In Proposition 145, George Peters states:
“This Kingdom includes “the regeneration” of Matt. 19:28.”
In this Proposition, Peters notes “the regeneration” spoke of by Jesus in Matthew 19:28 as being an element of what is included in the Kingdom. Matthew 19:28 states:
“And Jesus said unto them, Verily I say unto you, That ye which have followed me, in the regeneration when the Son of man shall sit in the throne of his glory, ye also shall sit upon twelve thrones, judging the twelve tribes of Israel.”
Other versions of Scripture use the words “new world” rather than “in the regeneration”. Regardless of the terms being used, the idea presented by the Greek noun paliggenesia is that of something new or restored. So once again, we have another biblical phrase/description of the Kingdom, one that continues to relay the understanding of a return to the beginning for the righteous.
The most notable observation Peters presents in Proposition 145 is the following:
“The Kingdom itself, the reign of the saints, the deliverance of creation, in brief, all the blessings, so vividly described by Jones, Seiss, and many others, are introduced by this very “regeneration.” Jesus is the first begotten of the dead, and His brethren must first experience the same birth before these promises can be verified. Hence it is very doubtful whether it is a word as far-reaching as the phrase “the restitution of all things;” for the latter embraces the resurrection, restoration of Kingdom, Paradise, etc. – the bringing back of all things to their original condition or intention – while the latter, at most, can only refer to man and nature, taking the broadest definitions given to it. But with Lange and others, it must be said to be more precious, since it more directly refers to the individual, not simply restored to a forfeited position, but brought into a life most exalted and glorious through resurrection and transforming power, thus fashioning the saint after the pattern presented by Jesus. The phrase “in the regeneration” does not simply allude to the time when the resurrection is experienced, but to the fact that it is an ever-continuing reality – an unchangeable state from the period of its happy realization. It is during this wonderful regenerated life that the Kingdom of God is manifested; or, as Robison (Gr. N. Test.), “the complete external manifestation of the Messiah’s Kingdom, when all things are to be delivered from their present corruption, and restored to spiritual purity and splendor” shall be seen; or, as Van Oosterzee (Theol. N.T., p. 123), it shall embrace after the personal Sec. Advent, “the entire reversal of the natural and spiritual creature.” As the regeneration of the Lord Jesus (Col. 1:18; Rev. 1:5; 1 Cor. 15:20) is separate from, precedes, and yet is connected, with the ultimate renewal of creation itself, so the regeneration of the believers, accounted worthy to obtain this Kingdom, is separate from, precedes, and yet stands related to, the mighty changes which shall transform nature into the Edenic state so rapturously delineated by the prophets.”

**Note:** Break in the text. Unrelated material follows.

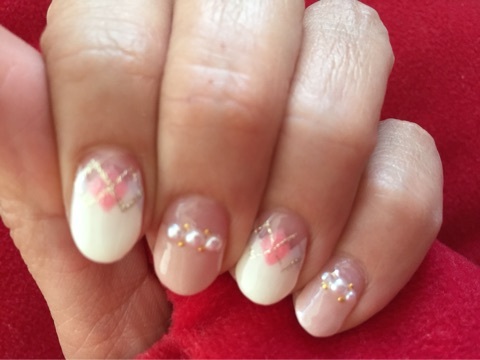 {9F6958C0-3C52-48CC-ADA0-11024F1593E8:01}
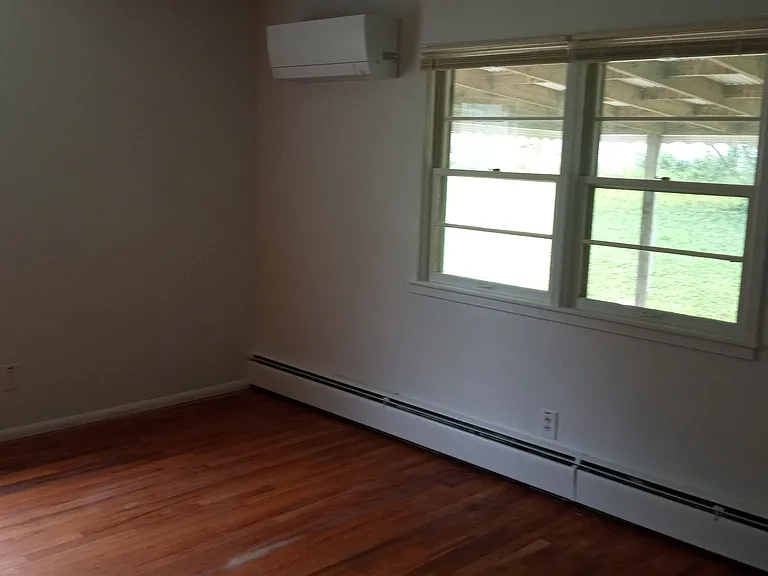 120 S Hillsdale Dr — Photo 34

Peters presents some very valuable thoughts in this observation on this current and future nature of this idea of regeneration. So as not to allow regeneration to exist solely as a function of the coming Kingdom, Peters saliently notes that regeneration is something that also takes place in the life of the believer in this current age. Perhaps a more familiar and related term is that of sanctification. The underlying idea of regeneration is that of something new. In the case of the believer, it relates to the new birth, a new life in Christ. The Apostle Paul references this in Titus 3:5, “Not by works of righteousness which we have done, but according to His mercy He saved us, by the washing of regeneration, and renewing of the Holy Ghost.” This process of regeneration is a work of the Holy Spirit. This is a creative act of God in the life of the believer given that man is incapable on his own of regeneration.
This means that regeneration takes place in the here and now as part of the overall idea of sanctification. The believer in Christ should be desiring to live a life pleasing to God and to bring through the work of the Holy Spirit, all elements of their life into subjection to God to the glory of God. The full act of regeneration of all things will take place with the establishment of the Kingdom as noted by Jesus in Matthew 19:28 and numerous other passages that speak of creation being restored. This cosmic regeneration if you will is also a creative act on the part of God. As Creator, He will restore and renew all of creation to its Edenic state. In the interim, believers are regenerated into a new man via salvation in Christ. This should result in a change in how we live our lives, namely a life lived with a new purpose to bring glory to God in holiness and righteousness, a small reflection of the greater regeneration to come.